• _Aim of the exercise_
When you reproduce the entries below, keep each one exact and drop any pictures.
┌──
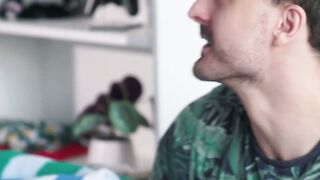 UNBRIDLED DESIRE Heterosexual College Hunk Vito Vitali UNLEASHES Feral fucking Passion on Best Friend Felix Trainor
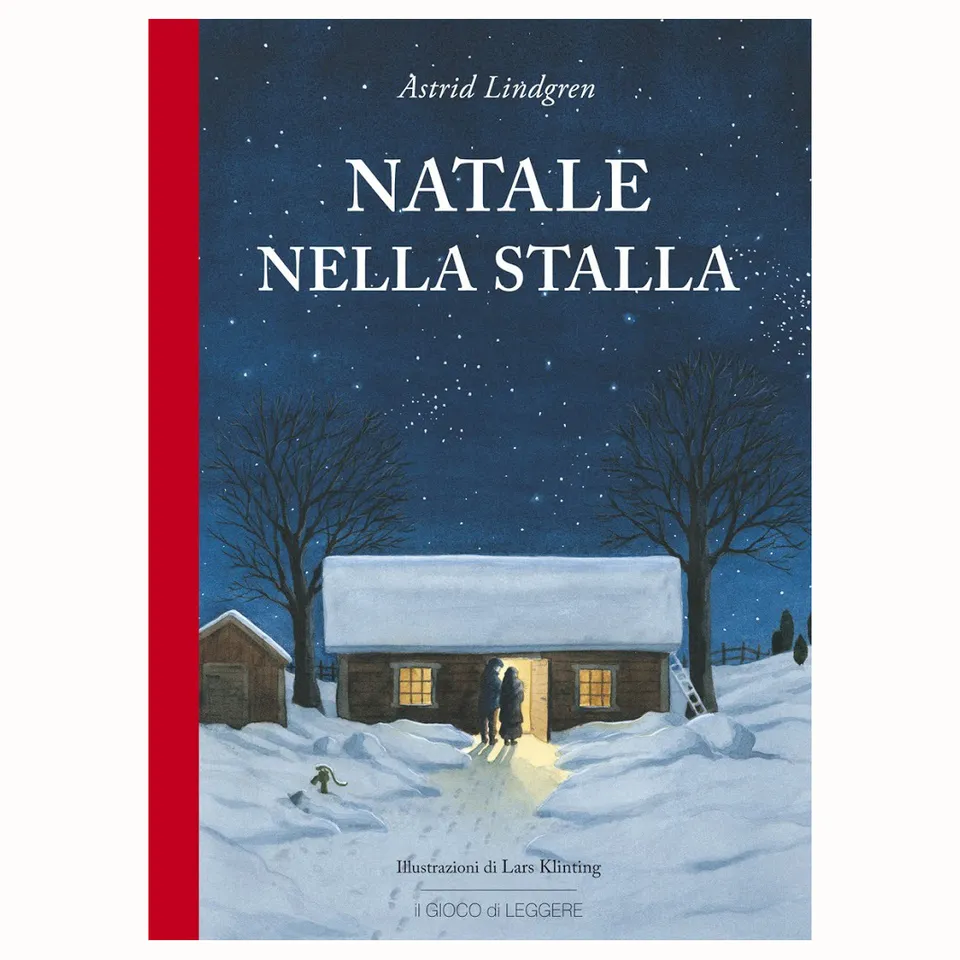 Astrid Lindgren Natale nella Stalla Libro Rilegato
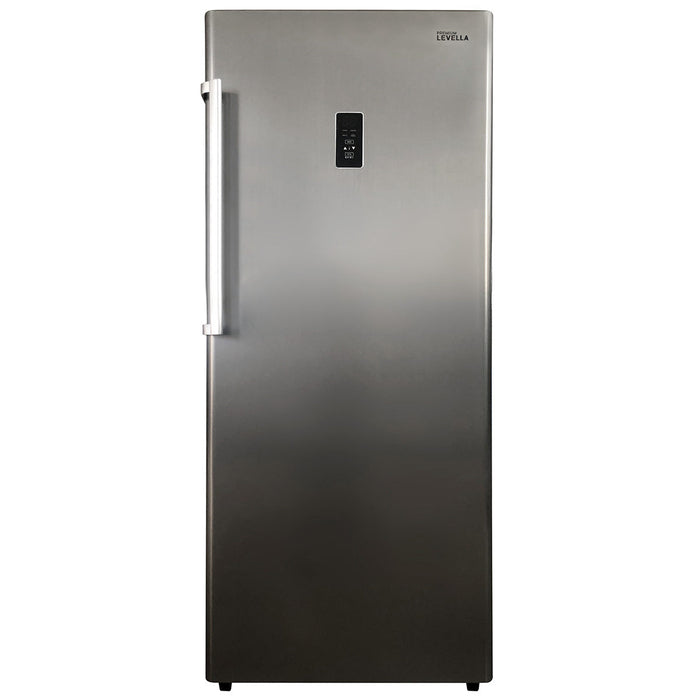 Premium Levella 14.0 ft³ Upright Freezer Frost-Free- Stainless Steel - PFV1406XS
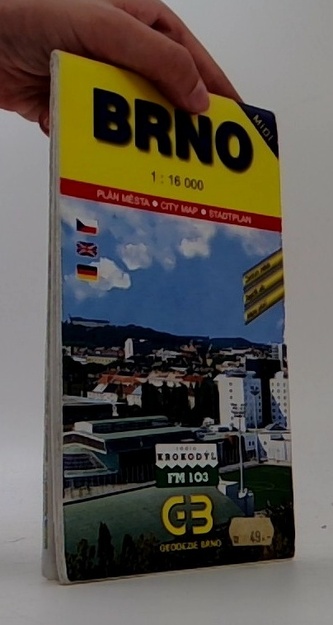 Brno midiplán města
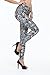 Sunnydate Outlet Women's Painting Art Print Leggings Stretchy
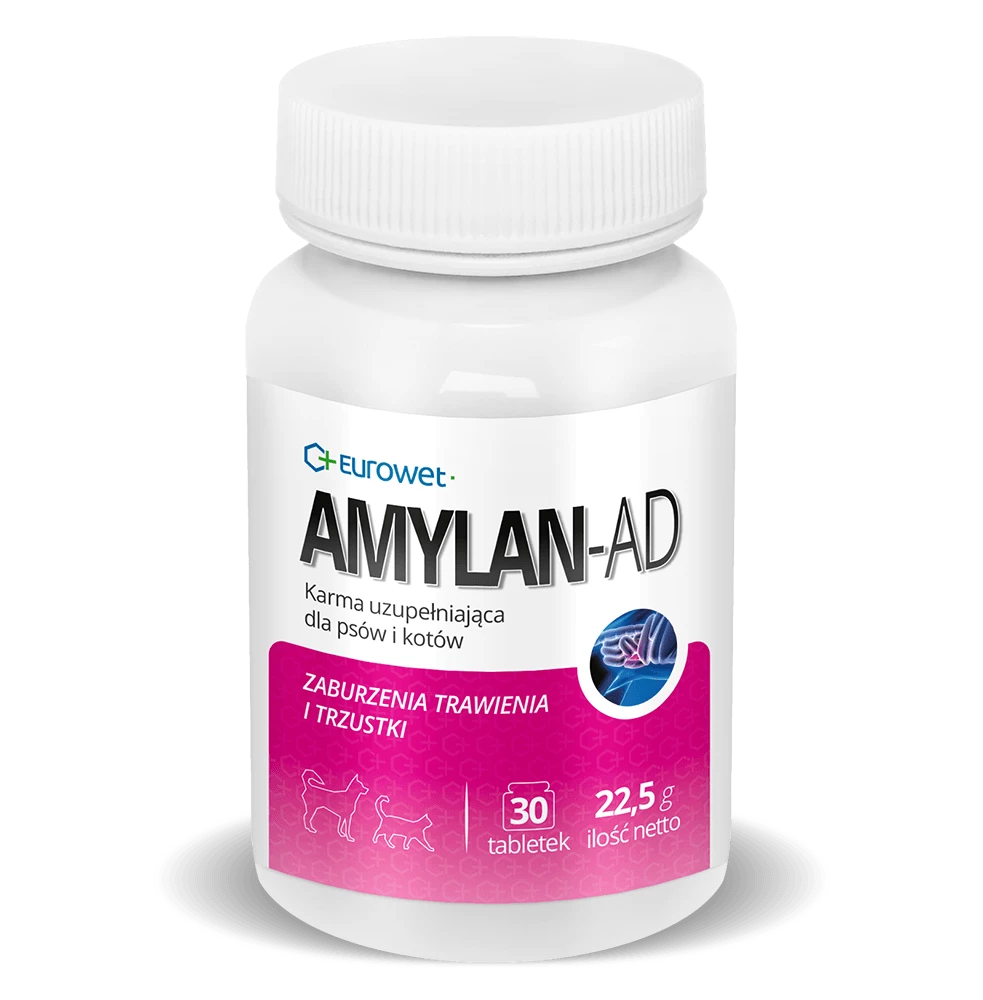 Eurowet Amylan-AD 30tab 1 Eurowet Amylan-AD 30tab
└──
• _Answer to the problem_
 UNBRIDLED DESIRE Heterosexual College Hunk Vito Vitali UNLEASHES Feral fucking Passion on Best Friend Felix Trainor
 Astrid Lindgren Natale nella Stalla Libro Rilegato
 Premium Levella 14.0 ft³ Upright Freezer Frost-Free- Stainless Steel - PFV1406XS
 Brno midiplán města
 Sunnydate Outlet Women's Painting Art Print Leggings Stretchy
 Eurowet Amylan-AD 30tab 1 Eurowet Amylan-AD 30tab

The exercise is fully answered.